Arsalans Schwestern werden von den Männern eines Tages in ein anderes Auto
gesetzt – und sind von da an verschwunden, erzählt er. Als die Mutter
merkt, bei welchem Teil der Geschichte ihr Sohn angelangt ist, fängt sie
an, laut zu schluchzen. Der Junge redet weiter: Er hoffe, dass seine
Schwestern irgendwo anders in Deutschland untergekommen seien. Seine Mutter
scheint dagegen verstanden zu haben, wie illusorisch diese Hoffnung ist.
Sie trocknet die Augen an ihrem Kopftuch.
## Ungewissheit und Angst vor Abschiebung
In den Flur vor Zimmer 117 kommt während des Gesprächs Leben. Die ersten
Asylbewerber machen sich auf den Weg in die Küche. Die 23-jährige Rashidat
aus Nigeria wendet über einer der tragbaren Herdplatten in einer Pfanne
brutzelndes Hühnchenfleisch.
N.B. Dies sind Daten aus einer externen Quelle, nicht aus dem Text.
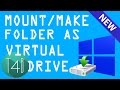How to Make/Mount Folder As Drive using Visual Subst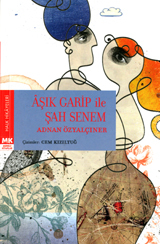 Âşık Garip ile Şah Senem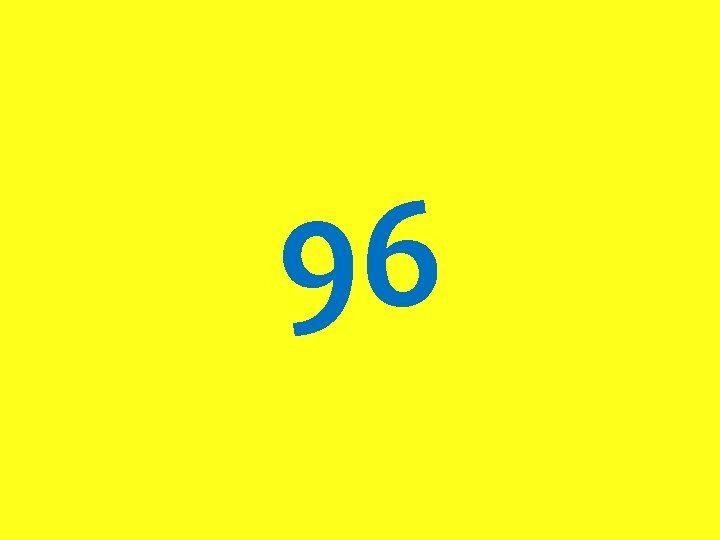 96 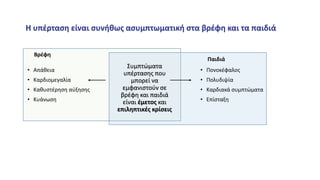 Συμπτώματα
υπέρτασης που
μπορεί να
εμφανιστούν σε
βρέφη και παιδιά
είναι έμετος και
επιληπτικές κρίσεις
Παιδιά
• Πονοκέφαλος
• Πολυδιψία
• Καρδιακά συμπτώματα
• Επίσταξη
Βρέφη
• Απάθεια
• Καρδιομεγαλία
• Καθυστέρηση αύξησης
• Κυάνωση
Η υπέρταση είναι συνήθως ασυμπτωματική στα βρέφη και τα παιδιά
 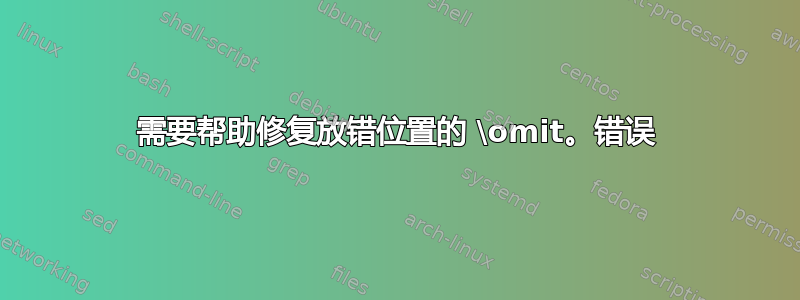 需要帮助修复放错位置的 \omit。错误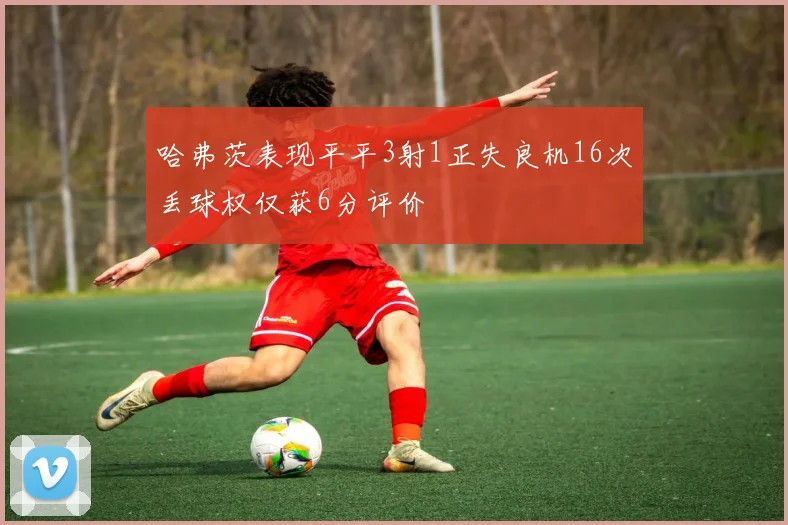 哈弗茨表现平平3射1正失良机16次丢球权仅获6分评价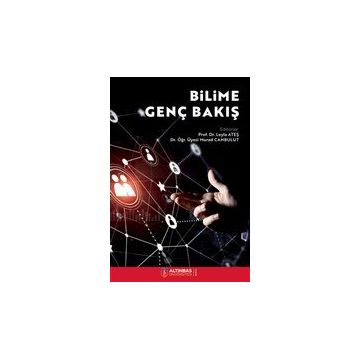 Bilime Genç Bakış - Altınbaş Üniversitesi Yayınları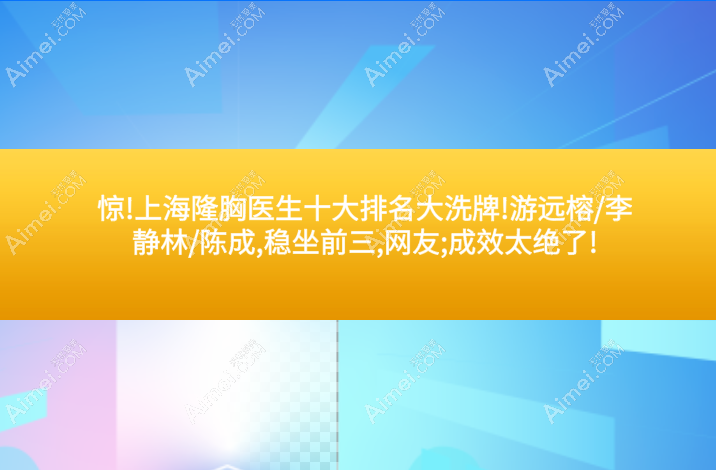 惊!上海隆胸医生十大排名大洗牌!游远榕/李静林/陈成,稳坐前三,网友;成效太绝了!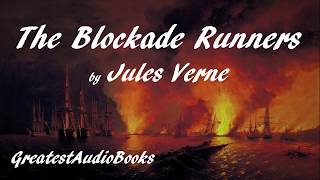 THE BLOCKADE RUNNERS by Jules Verne  FULL AudioBook  Greatest AudioBooks [upl. by Rebmyt]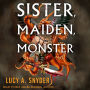 Sister, Maiden, Monster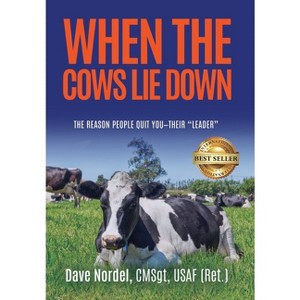 When the Cows Lie Down - by  Dave Nordel (Hardcover) - 1 of 1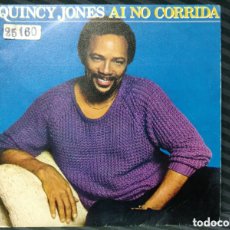 Discos de vinilo: QUINCY JONES - AI NO CORRIDA (7”, PROMO). Lote 365125936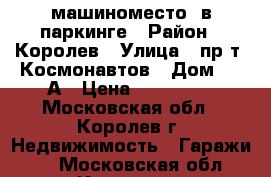 машиноместо  в паркинге › Район ­ Королев › Улица ­ пр-т. Космонавтов › Дом ­ 17А › Цена ­ 600 000 - Московская обл., Королев г. Недвижимость » Гаражи   . Московская обл.,Королев г.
Über jedem Gerät ist an der Wand ein grüner
Schalter angebracht. Ein Knopfdruck bringt einige Minuten Strom für die
Kochstelle. Um Brände zu verhindern, schalten sich die Herde nach einiger
Zeit automatisch ab.
Die Monate, manchmal Jahre der Ungewissheit und Angst vor Abschiebung
werden zu einer Geduldsprobe, die oft in Verzweiflung endet. Im Sommer
nähten sich in Würzburg Iraner aus Protest die Münder zu. Eine andere
Gruppe aus Franken marschierte Mitte Oktober zu Fuß nach Berlin, um mit
einem Hungerstreik vor dem Brandenburger Tor für ihre Rechte zu
demonstrieren.
Einen langen Marsch braucht es nicht, um nach Brunnthal zu kommen - eine
kurze S-Bahn-Fahrt in den Münchner Speckgürtel genügt. Am Horizont erheben
sich vor weiten Tannenwäldern die puderzuckerweiß verschneiten Alpen.
## Alarm wegen 50 Flüchtlingen
„Bei uns ist die Welt noch in Ordnung!“, hatte der örtliche Vorsitzende der
Jungen Union in der Süddeutschen Zeitung gesagt. Im Herbst erregte der
Nachwuchspolitiker mit einem Flyer Aufsehen. Der 26-Jährige warnte seine
1.700 Mitbürger im Dorf vor mehr Kriminalität und einer Minderung der
Grundstückswerte – weil in der Dorfgaststätte 50 Flüchtlinge einquartiert
werden sollten. Die Brunnthaler versetzte er damit in Alarmbereitschaft.
Bürgermeister Stefan Kern sitzt an seinem Schreibtisch in der Brunnthaler
Ortsmitte – an der Wand gegenüber hängt ein Kruzifix. Natürlich würde man
Flüchtlinge aufnehmen, betont er. „Wir erfüllen unsere Aufgabe.“ Aber nur
im Rahmen der Möglichkeiten. Für 40 bis 50 Menschen, die auch aus dem
Münchner Heim kommen könnten, fehlten die Ressourcen. Nun werden wohl erst
einmal maximal 15 Asylbewerber nach Brunnthal ziehen.
CSU-Mann Kern wurde mit 62,5 Prozent der Stimmen gewählt und weiß, wie die
Leute hier ticken. Die Stimmung im Dorf sei getrübt. Einerseits sei da das
Stigma der Ausländerfeindlichkeit – ungerechtfertigterweise, wie er findet.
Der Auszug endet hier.